Three hundred years of arguments for a basic income

Three hundred years of arguments for a basic income

Review of ‘Basic Income: A Radical Proposal for a Free Society and a Sane Economy, by Philippe van Parijs and Yannick Vanderborght’

by Danny Dorling, March 16th 2017, Times Higher

This is a book about multiple emancipations. What would it take for all women to be free – by unshackling the countless numbers who are financially dependent on men? What action would free up enough people, men and women, to care for others who might otherwise live in fear, especially in countries where much more social care will be needed in the very near future?

Philippe van Parijs and Yannick Vanderborght, an economist and a political scientist, respectively, explain how the academic arguments for a basic income have been growing in strength since they were first made in the late 1700s. Since then, it has become clear to a still small (but growing) group of people that with so many of us no longer able to earn a subsistence income from the land, and with growing automation and ecological limits to sensible consumption, social progress without a basic income cannot be sustainable.

Today the vast majority of our food is grown and harvested through automation, and robots make more and more of our goods; but we cannot use machines to care for each other.
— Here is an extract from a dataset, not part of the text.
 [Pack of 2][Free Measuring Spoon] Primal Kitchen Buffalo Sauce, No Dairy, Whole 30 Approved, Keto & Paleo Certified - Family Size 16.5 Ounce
Not yet – and, if we are to stay sane, hopefully never. A concern with sanity in a book on economics is refreshing.

A basic income would allow people to care for each other more and to work for others (for whom they would rather not work) less. However, say the authors, “we very much doubt that a generous unconditional basic income will ever be introduced anywhere as a result of a big triumphal revolution. It is more likely to enter through the back door.” By the back door they mean the gradual adaptation of existing complex benefit regimes, via thousands of adaptations following hundreds of experiments.

The authors agree with the late Sir Tony Atkinson, the economist and inequality studies pioneer, that a basic income is likely to be introduced gradually, by compromising primarily on the payment being unconditional. In one such scenario, anyone working in education, or caring for children, the sick or the elderly for 35 hours or more a week (which includes so many current ­working-age adults) would receive a basic income proportionate to their length of contribution in any tax jurisdiction. It would later be extended to all adults, not least because this approach so dramatically cuts administration costs.
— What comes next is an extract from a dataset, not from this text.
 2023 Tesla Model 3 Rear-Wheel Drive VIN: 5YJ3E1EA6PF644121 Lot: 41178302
The introduction of basic income would result in less production within firms and more within households. As production within the household is not included in gross domestic product, GDP volume would thus appear to fall, although entrepreneurship should rise as more people would be free to dabble. Van Parijs and Vanderborght explain all this patiently, providing argument after argument as to why its introduction would be “economically clever” and why it is the next logical step to take in a long history of social policies aimed at reducing poverty and inequality. Their proposals are not only clear but also extremely pragmatic.